WHAT THE TASK ASKS ▸ Begin at the line that has "A Continental Painted", stop after the line that has "Additional Image 1", and print exactly those lines from the records below, without any pictures.

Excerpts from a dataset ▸
- Opening Delimiter -

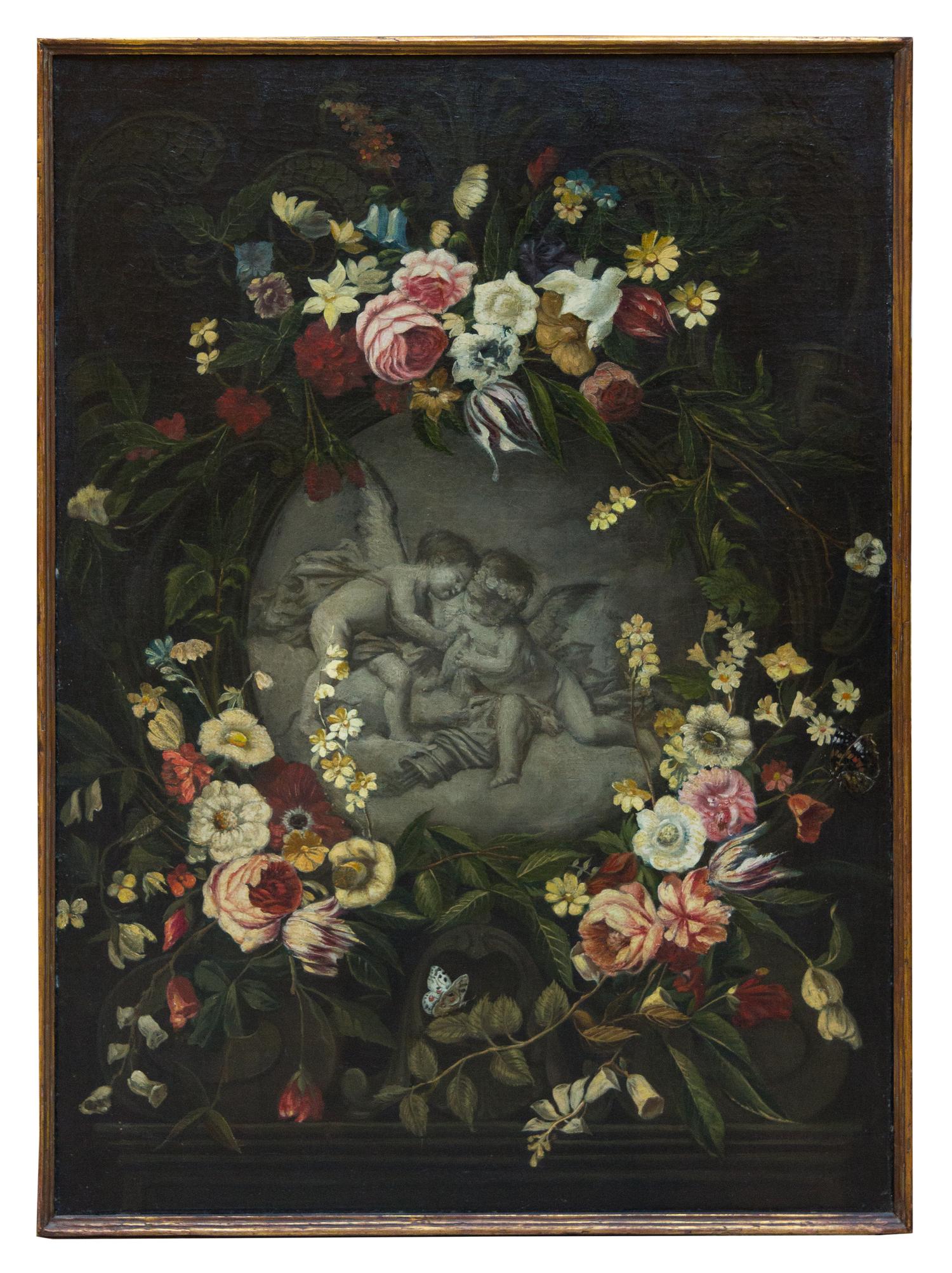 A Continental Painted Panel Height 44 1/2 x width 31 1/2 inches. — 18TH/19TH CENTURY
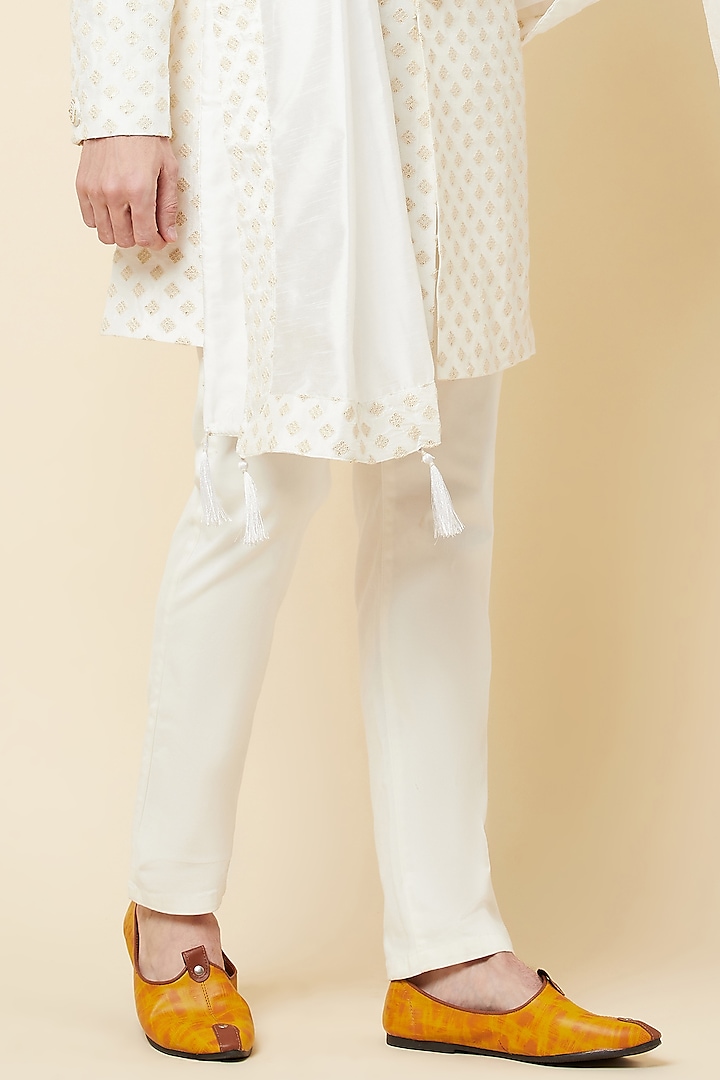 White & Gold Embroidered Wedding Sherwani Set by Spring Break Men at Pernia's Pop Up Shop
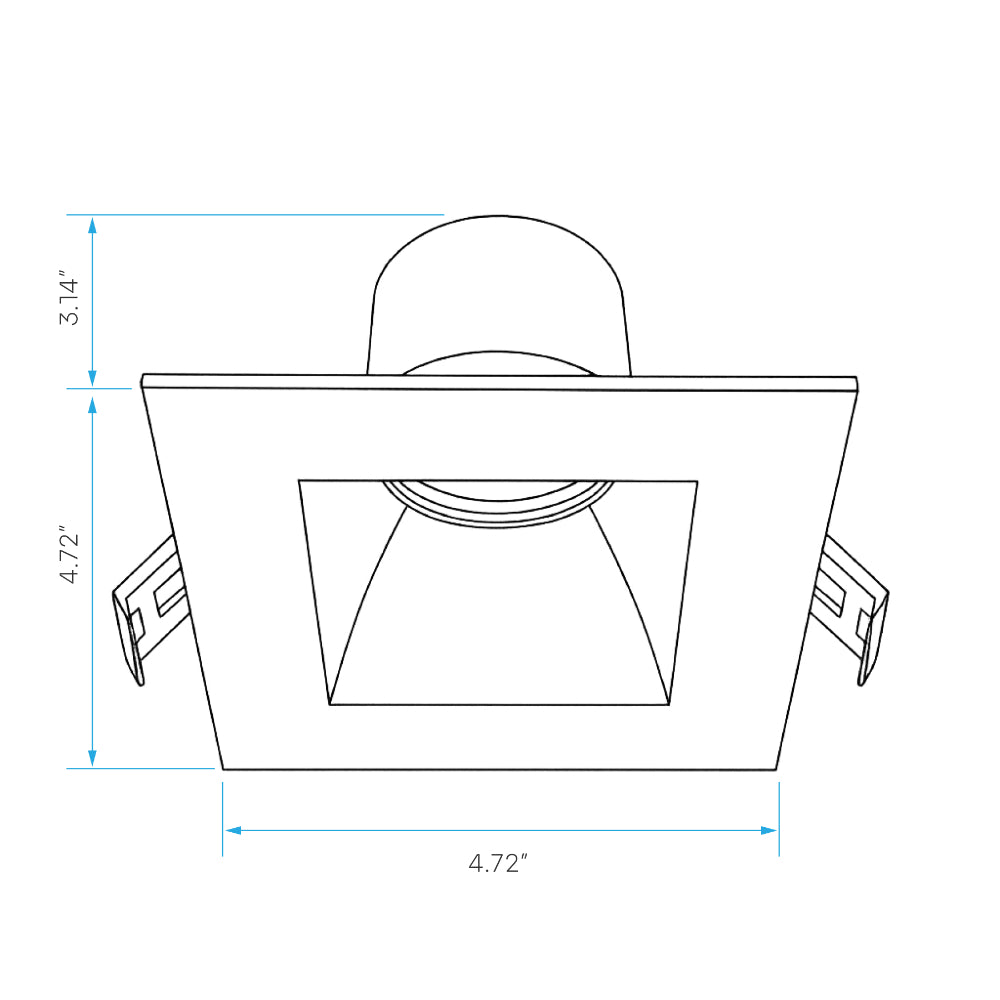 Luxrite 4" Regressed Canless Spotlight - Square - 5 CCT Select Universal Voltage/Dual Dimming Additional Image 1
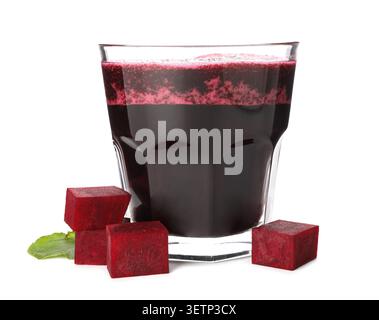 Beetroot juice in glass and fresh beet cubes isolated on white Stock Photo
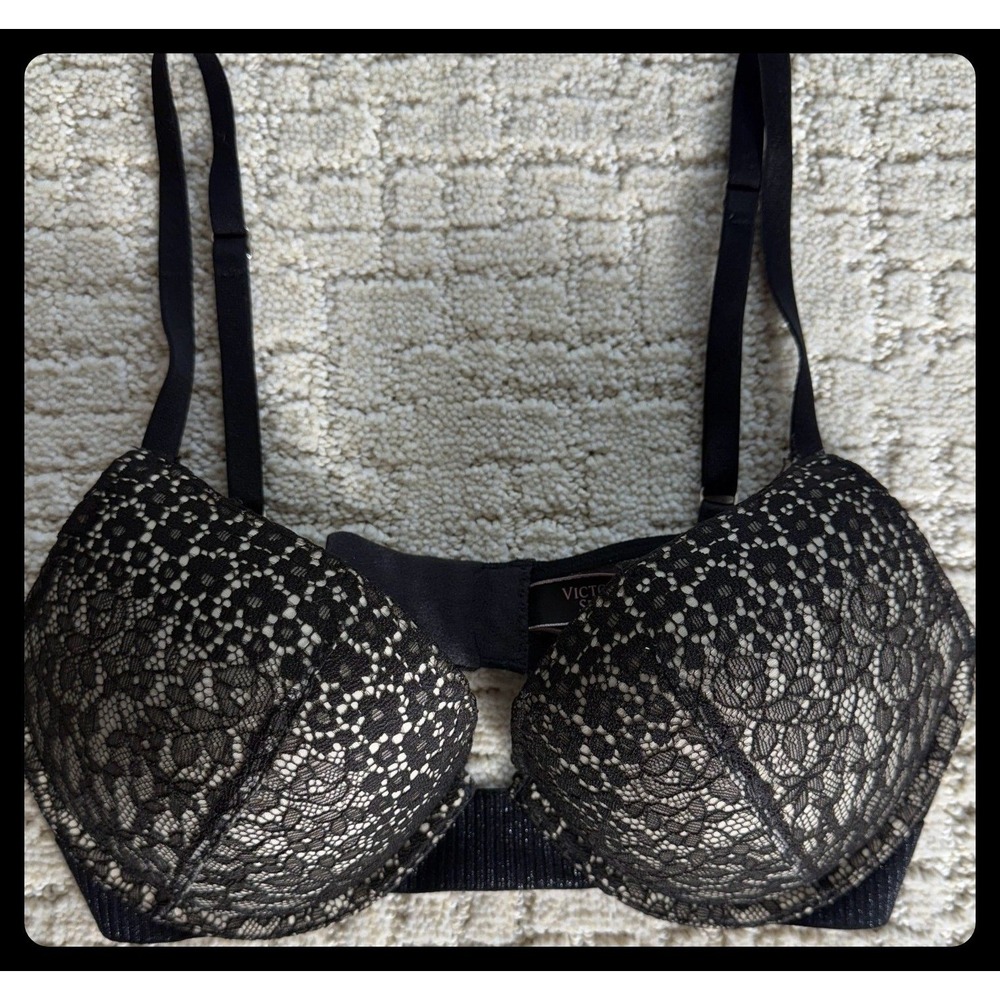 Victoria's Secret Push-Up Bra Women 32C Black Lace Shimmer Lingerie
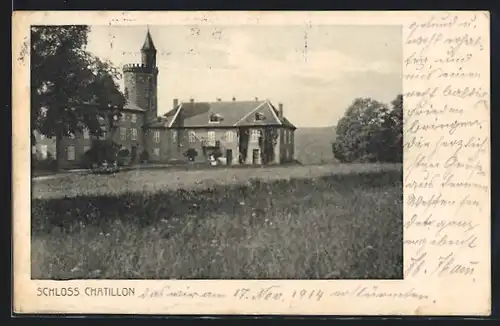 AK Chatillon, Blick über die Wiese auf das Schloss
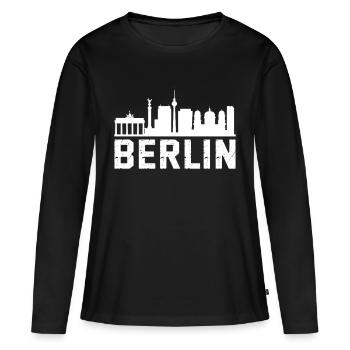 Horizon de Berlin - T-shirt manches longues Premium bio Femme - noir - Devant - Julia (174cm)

- Closing Delimiter -
- Opening Delimiter -

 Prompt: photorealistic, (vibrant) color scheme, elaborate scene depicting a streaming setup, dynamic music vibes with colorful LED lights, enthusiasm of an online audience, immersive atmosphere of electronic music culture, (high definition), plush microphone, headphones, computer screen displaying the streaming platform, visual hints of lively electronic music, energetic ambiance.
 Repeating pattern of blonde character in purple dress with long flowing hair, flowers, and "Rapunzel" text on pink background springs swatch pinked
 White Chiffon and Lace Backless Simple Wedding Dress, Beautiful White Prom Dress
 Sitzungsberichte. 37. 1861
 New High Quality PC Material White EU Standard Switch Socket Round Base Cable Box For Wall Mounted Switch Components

- Closing Delimiter -

TASK RESPONSE ▸
 A Continental Painted Panel Height 44 1/2 x width 31 1/2 inches. — 18TH/19TH CENTURY
 White & Gold Embroidered Wedding Sherwani Set by Spring Break Men at Pernia's Pop Up Shop
 Luxrite 4" Regressed Canless Spotlight - Square - 5 CCT Select Universal Voltage/Dual Dimming Additional Image 1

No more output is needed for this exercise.